*Brief*
Exactly reproduce the line containing "गायघाट: मिश्रौली गांव" and all later lines to the end of the entries, leaving the pictures out of your copy.

*Data provided*
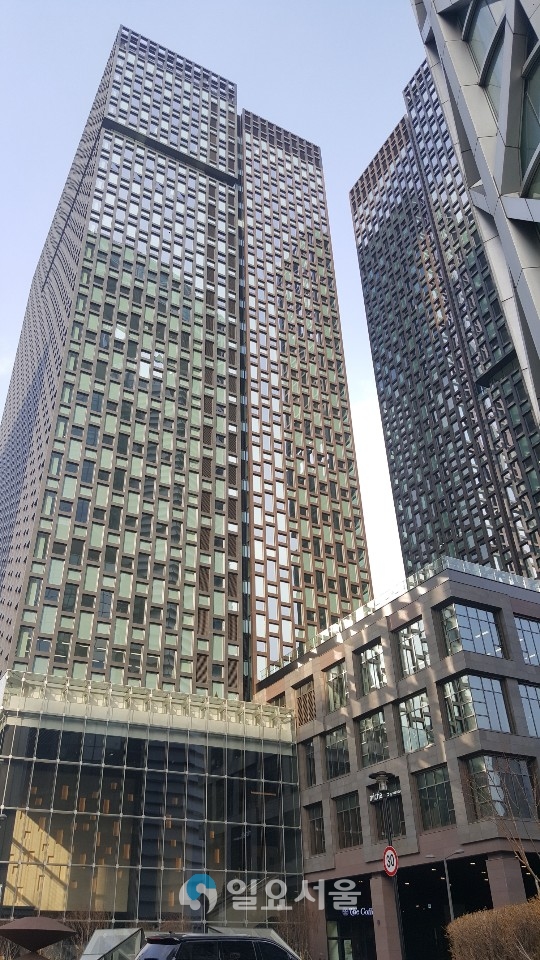 서울 종로구 공평동에 위치한 센트로폴리스 빌딩 전경.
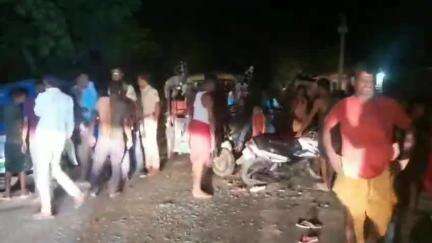 गायघाट: मिश्रौली गांव में ऑटो और बाइक की हुई टक्कर, बाइक सवार गंभीर रूप से घायल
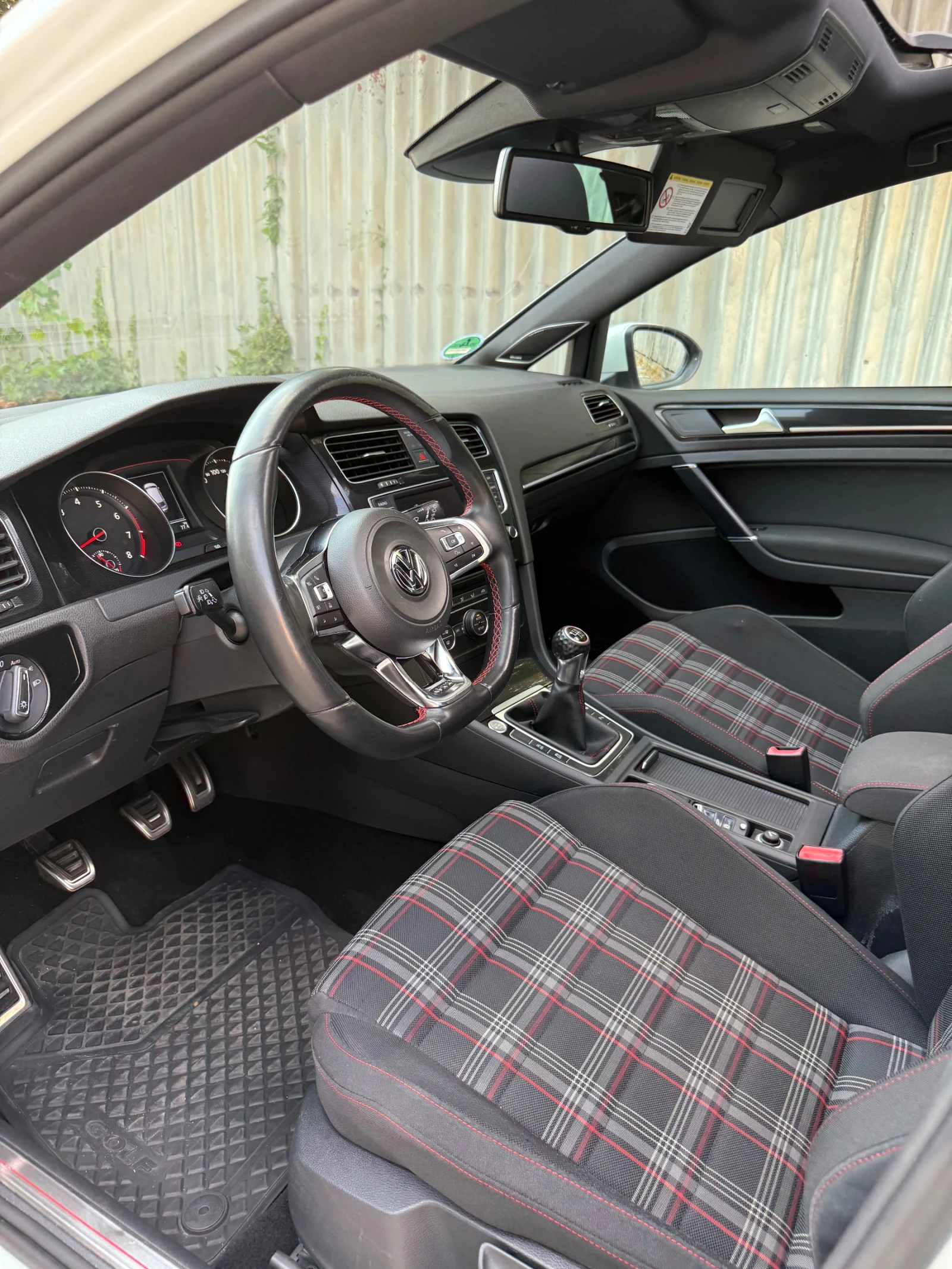 VW Golf 7 GTI Performance - изображение 7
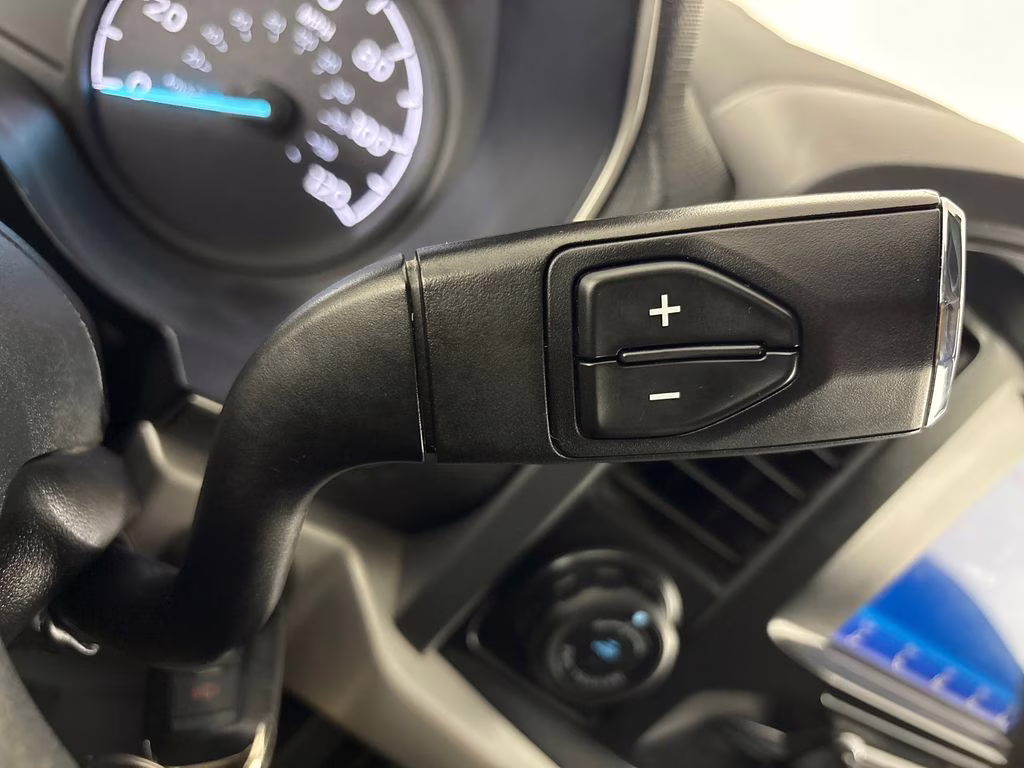 2022 Oxford White Ford F-150 XLT 4X4 Truck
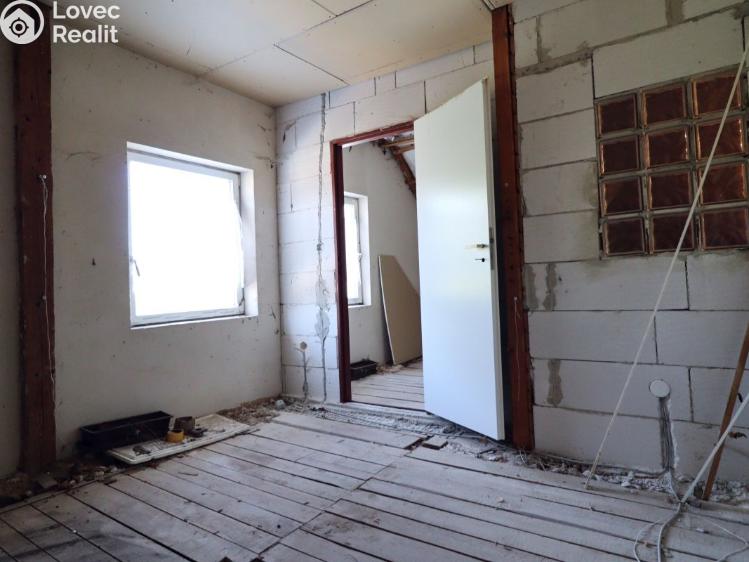 Prodej rodinného domu Kolinec č. 14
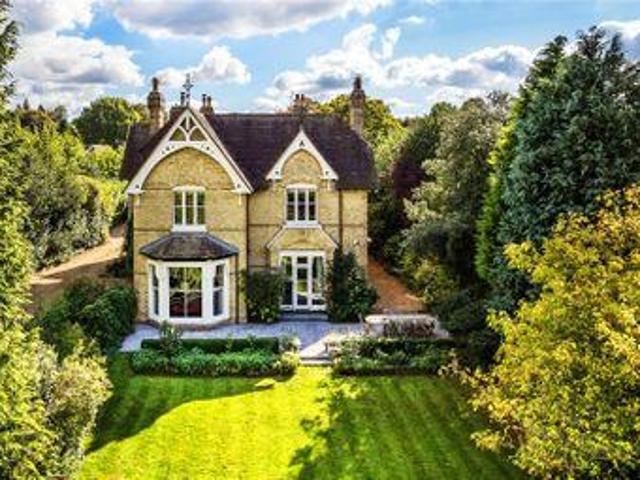House for sale in Sandown Park, Kent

*Task solution*
 गायघाट: मिश्रौली गांव में ऑटो और बाइक की हुई टक्कर, बाइक सवार गंभीर रूप से घायल
 VW Golf 7 GTI Performance - изображение 7
 2022 Oxford White Ford F-150 XLT 4X4 Truck
 Prodej rodinného domu Kolinec č. 14
House for sale in Sandown Park, Kent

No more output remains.